Bir süre sonra Rey'e döndü ve İşrâkî filozofu Sühreverdî el-Maktûl'ün hocalarından olan Mecdüddin el-Cîlî'den kelâm ve felsefe tahsil etti. Cîlî ile birlikte gittiği Merâga'da da ondan ders almaya devam etti. Üstün zekâsı ve azmi sayesinde kısa zamanda kendini yetiştirdi. İbn Rüşd el-Hafîd, Muhyiddin İbnü'l-Arabî, Abdülkâdir-i Geylânî, İzzeddin b. Abdüsselâm gibi meşhur âlimlerle çağdaş olan Fahreddin er-Razi'nin üne kavuşmasında yaptığı ilmî seyahatlerin büyük payı vardır. Cürcân, Tûs, Herat, Hârizm, Buhara, Semerkant, Hucend, Belh, Gazne ile diğer Hint beldeleri uğradığı belli başlı ilim ve kültür merkezleri arasında yer alır.
Hârizm'de iken Mu'tezilî âlimlerle yaptığı münazaralar sonunda bazı olayların çıkması üzerine orayı terkedip Rey'e dönmeye mecbur kaldı. Daha sonra medreselerinde, kendi eserleri olan el-Mebâhisü'l-Meşrikıyye ve Şerhu'l-İşârât gibi bazı eserlerinin okutulduğu Mâverâünnehir beldelerini dolaştı. İlk olarak Serahs'a uğradı ve orada meşhur tabip Abdurrahman b. Abdülkerim ile tanışıp dostluk kurdu. İbn Sînâ'nın el-Kânûn adlı eserini onun için şerhetti.

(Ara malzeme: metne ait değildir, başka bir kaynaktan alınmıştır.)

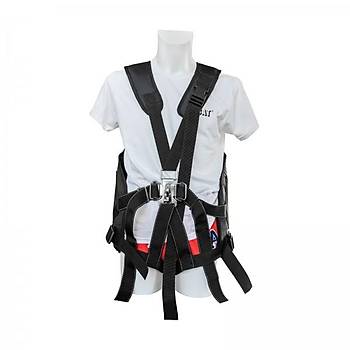 TRAPEZ REGATTA S�ZE:M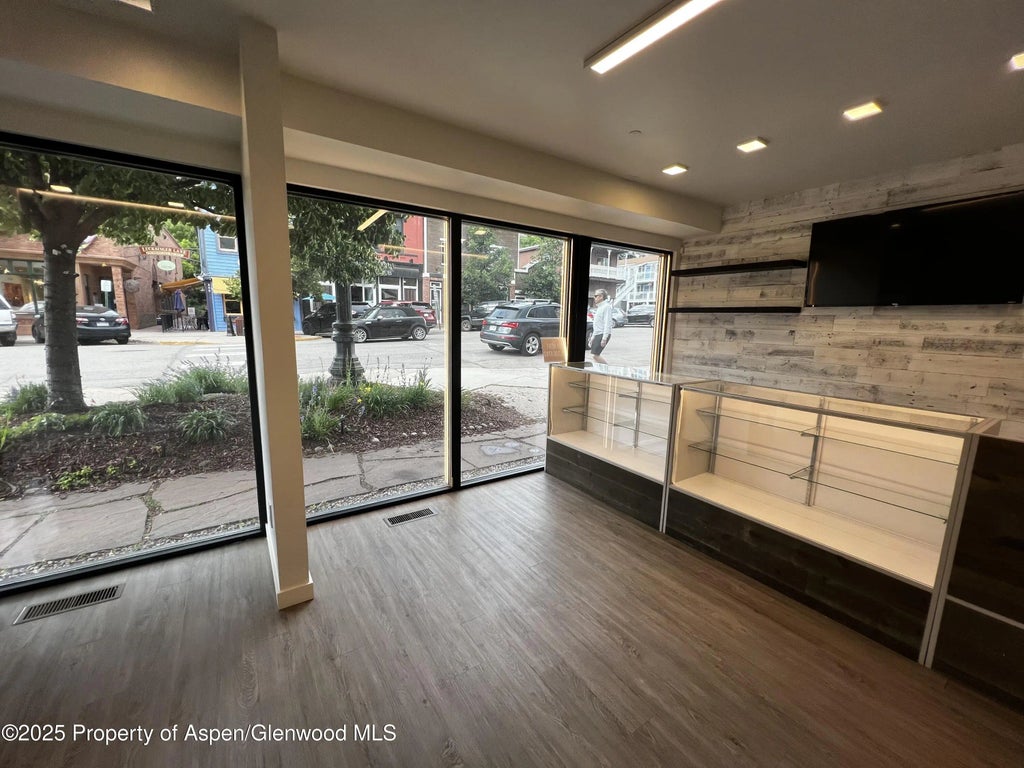 16 of 17 - 175 Midland Avenue #10, Basalt, CO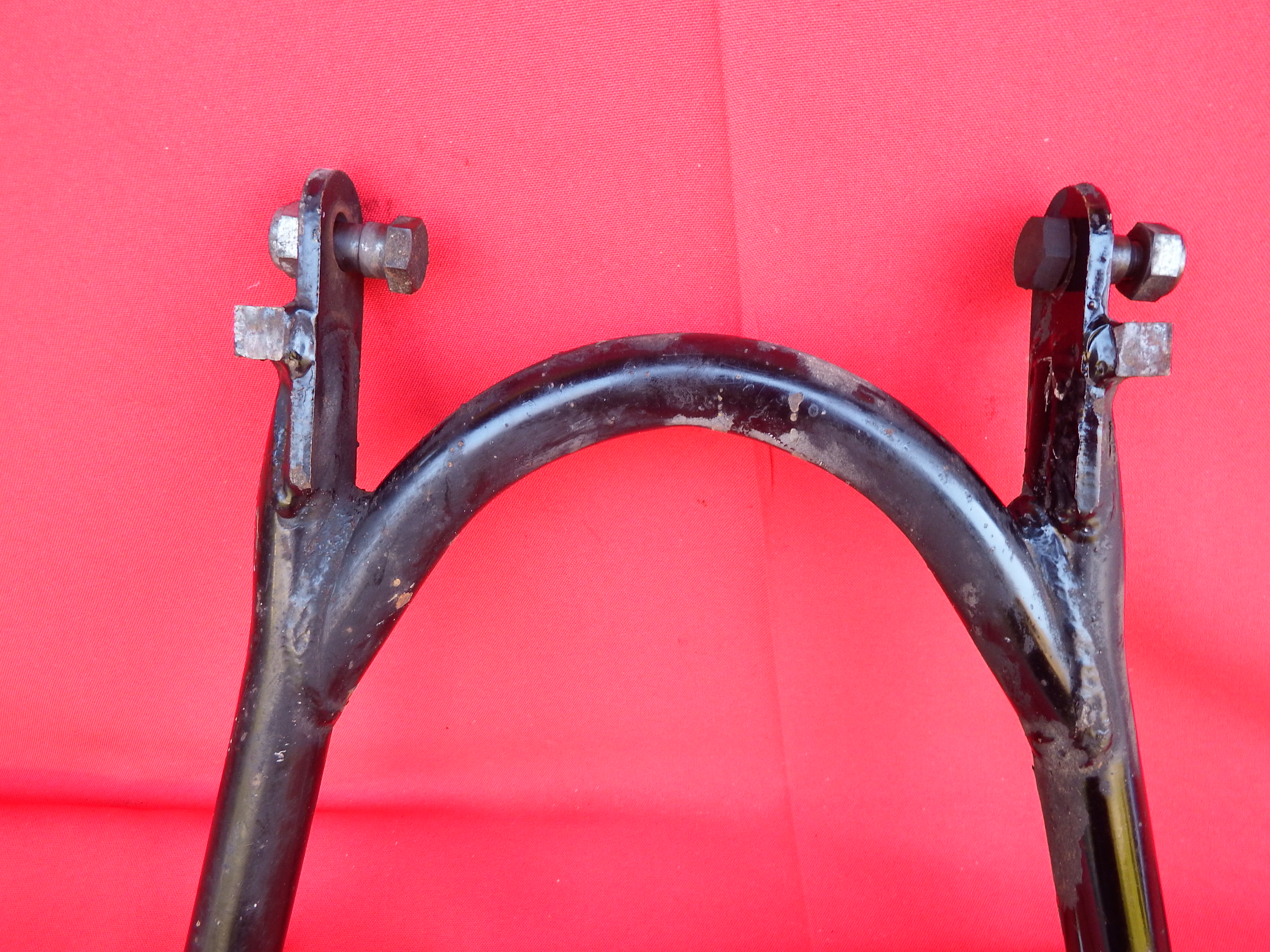 DSCF3672.JPG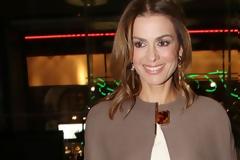 Τζίνα Αλιμόνου: Όσα είπε μετά τη δικαστική απόφαση για τη διατροφή και την επιμέλεια των παιδιών της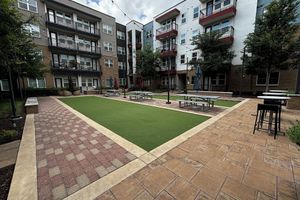 Alojamiento - Best stay in Austin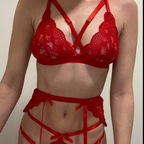 Download lustylivvv OnlyFans leaks for free 

 profile picture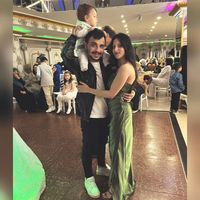 lavinia_xr14
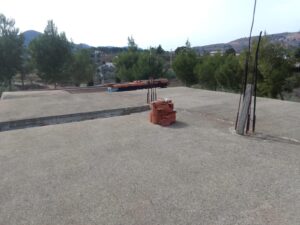 Finca rústica en venta en OTRAS, Cehegin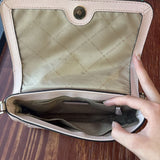 MICHAEL KORS HANDBAGS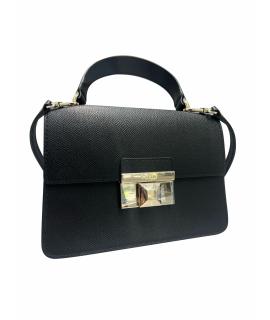 FURLA Сумка через плечо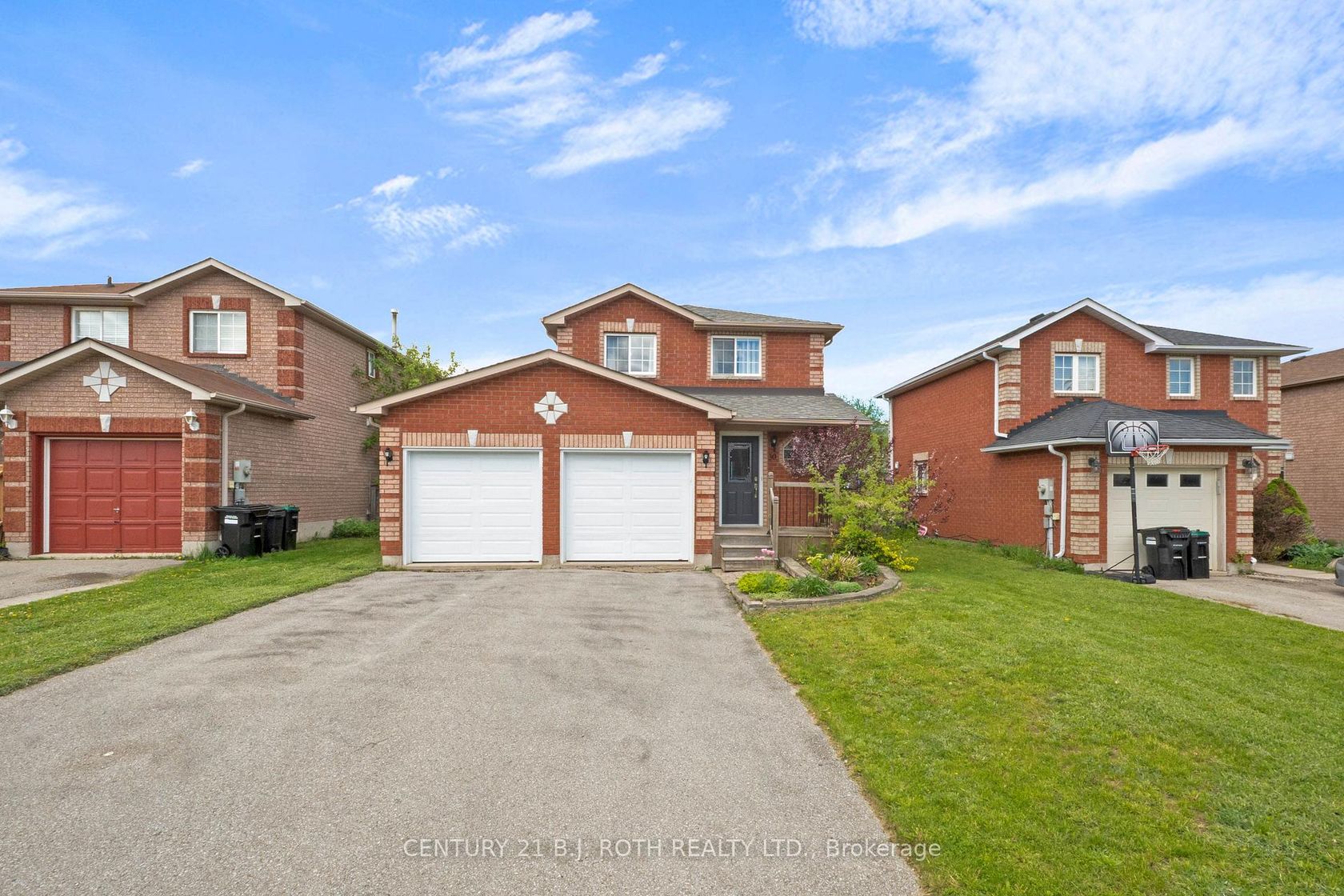 30 Ginger Drive, Holly, Barrie photo number 2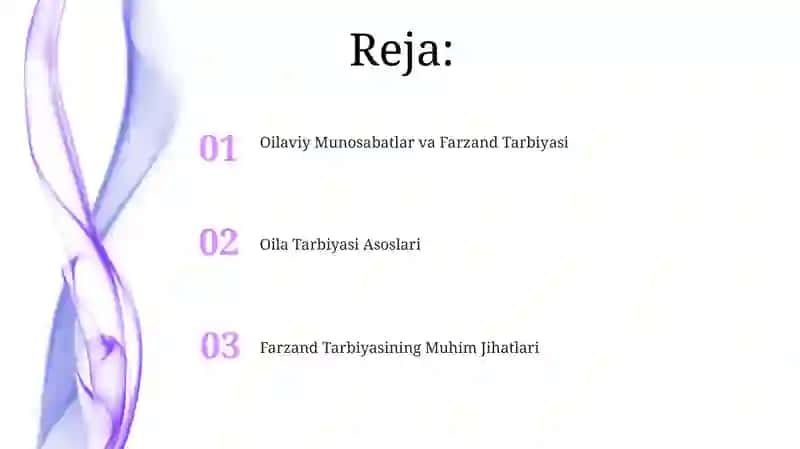 Oiladatarbiyaasoslari 2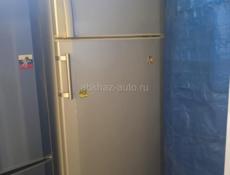 Продается холодильник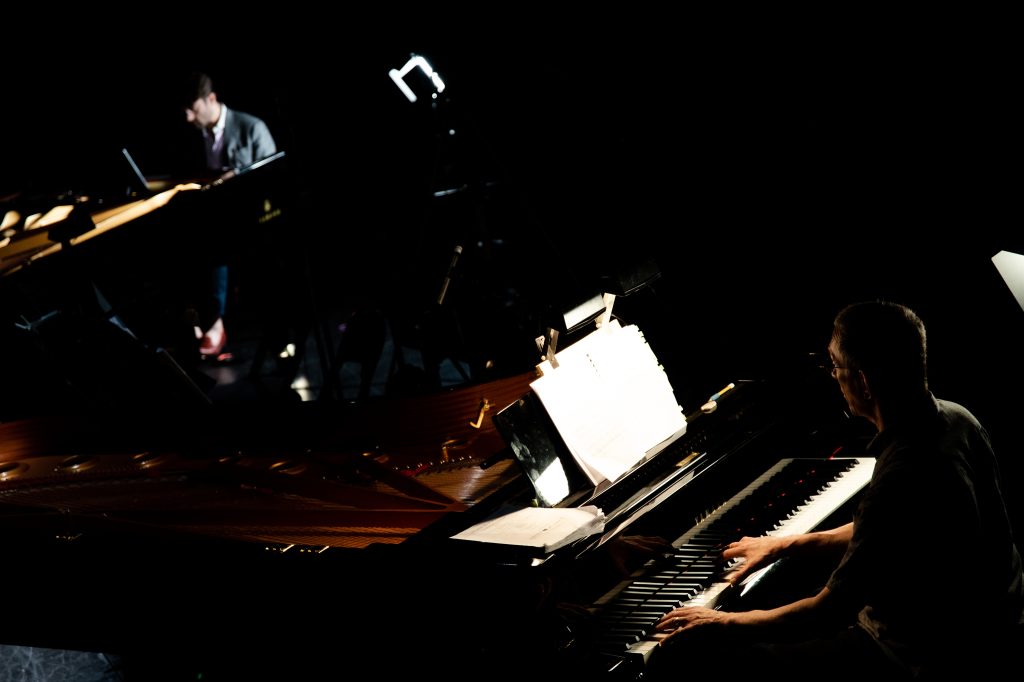 Photo by Finn Martin/Bruin Life
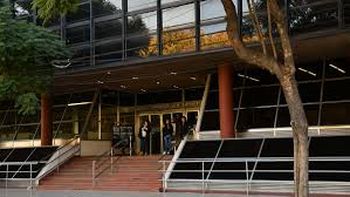 Esteban Echeverría: el cronograma de servicios durante el feriado por el Día del Trabajador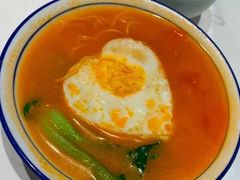-阿五黄河大鲤鱼(海尚店)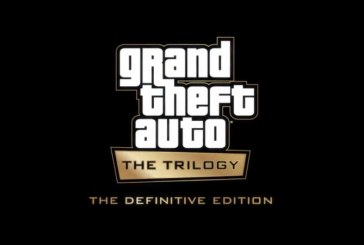 قد يتوفر ريماستر Grand Theft Auto: The Trilogy – The Definitive Edition  بسعر 70 دولار على الجيل الجديد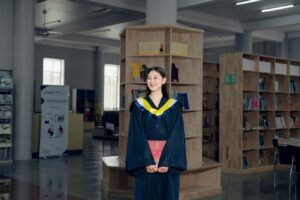 scholarships360 scholarship
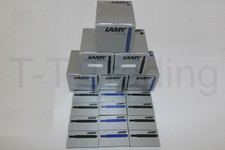 Lamy T10 Tintenpatronen -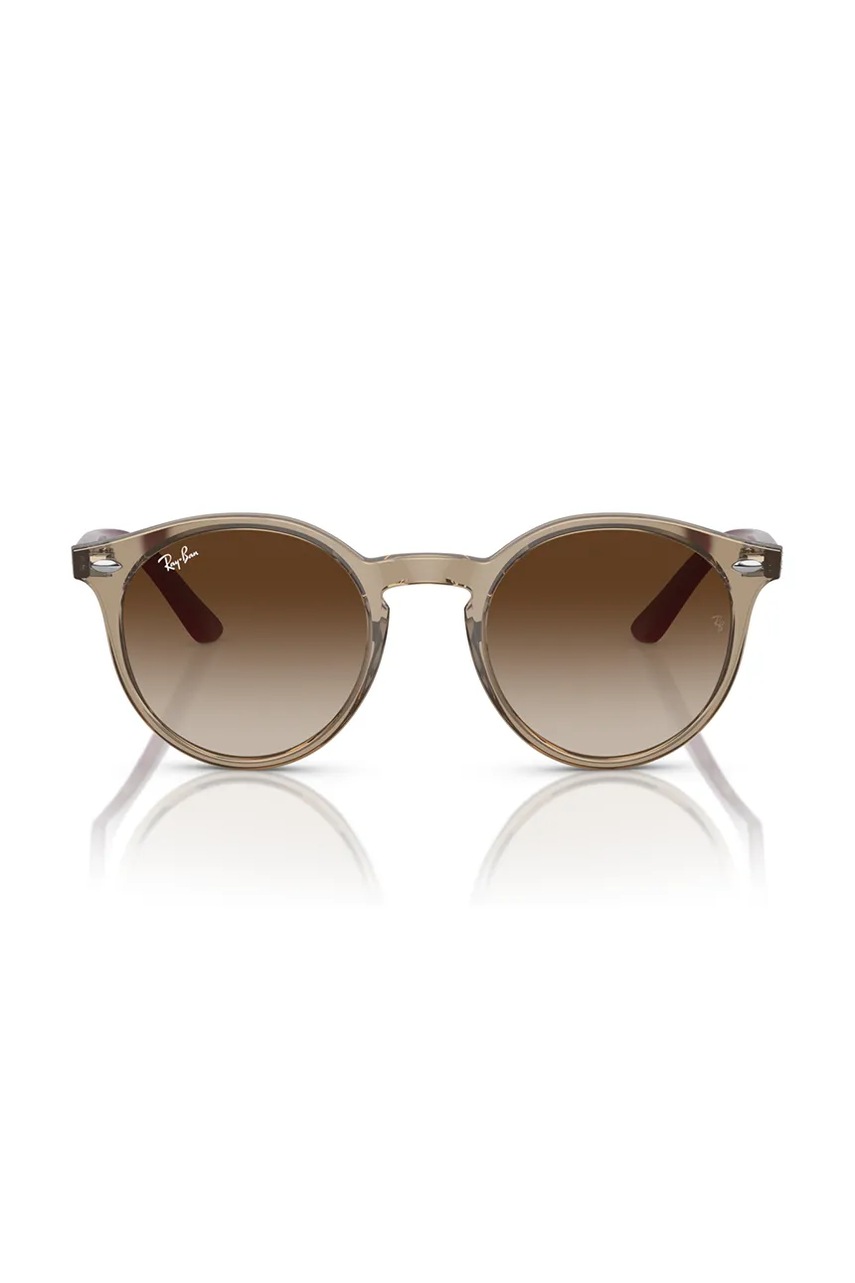 Ray-Ban slnečné okuliare detské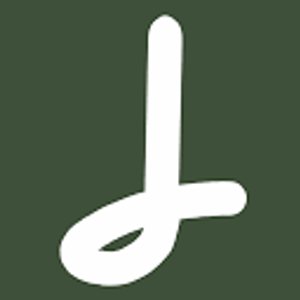 Jenny Quirie | Berkshire Hathaway HomeServices NW Real Estate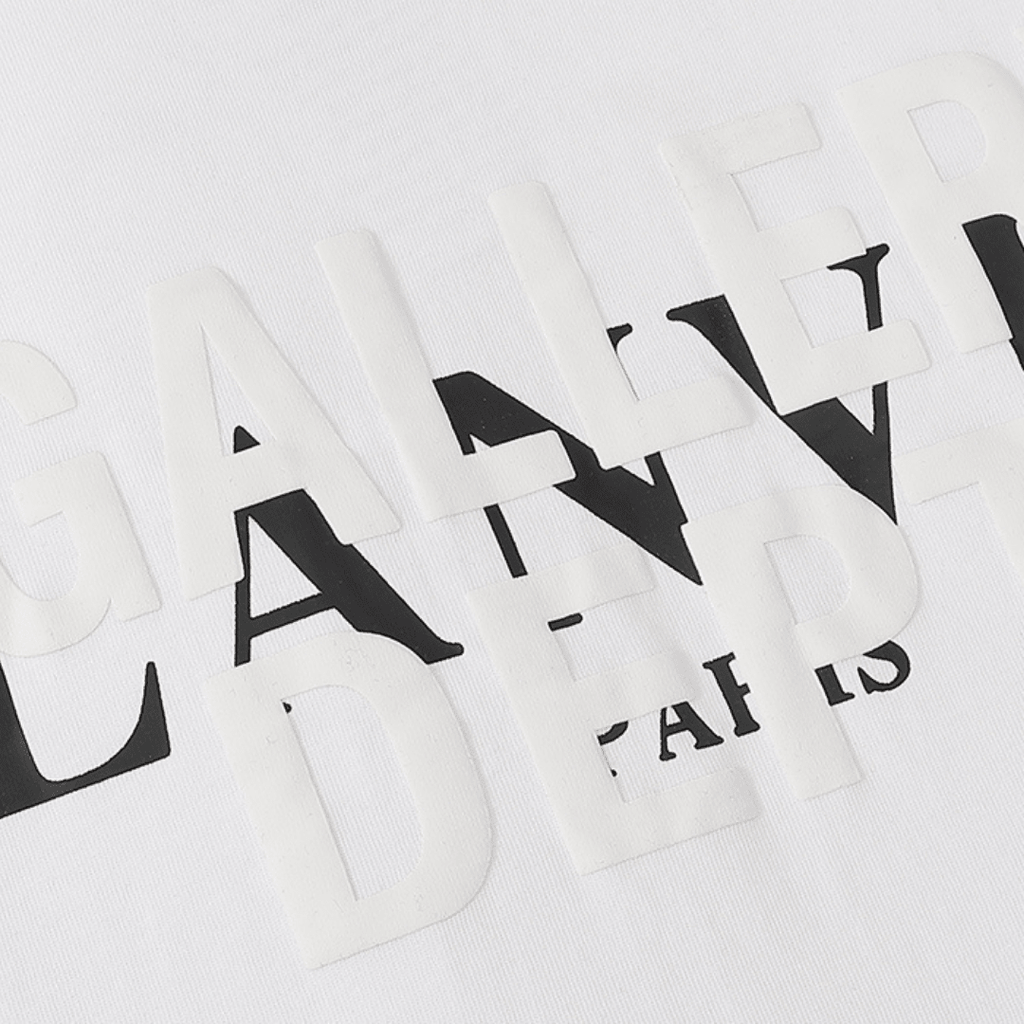 Gallery Dpt. T-shirt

İran, Türkistan, Afganistan ve Hindistan bölgesindeki bazı şehirleri dolaştıktan sonra Herat'a yerleşti (600/1203). Hayatının geri kalan kısmını Herat'ta geçirdi; bir yandan eserlerini telif ederken öte yandan sayıları 300'ü aşan talebe yetiştirdi. Razi 1 Şevval 606'da (29 Mart 1210) Herat'ta vefat etti. Kerrâmîler'ce zehirletilerek öldürüldüğü de nakledilir (Sübkî, VIII, 86).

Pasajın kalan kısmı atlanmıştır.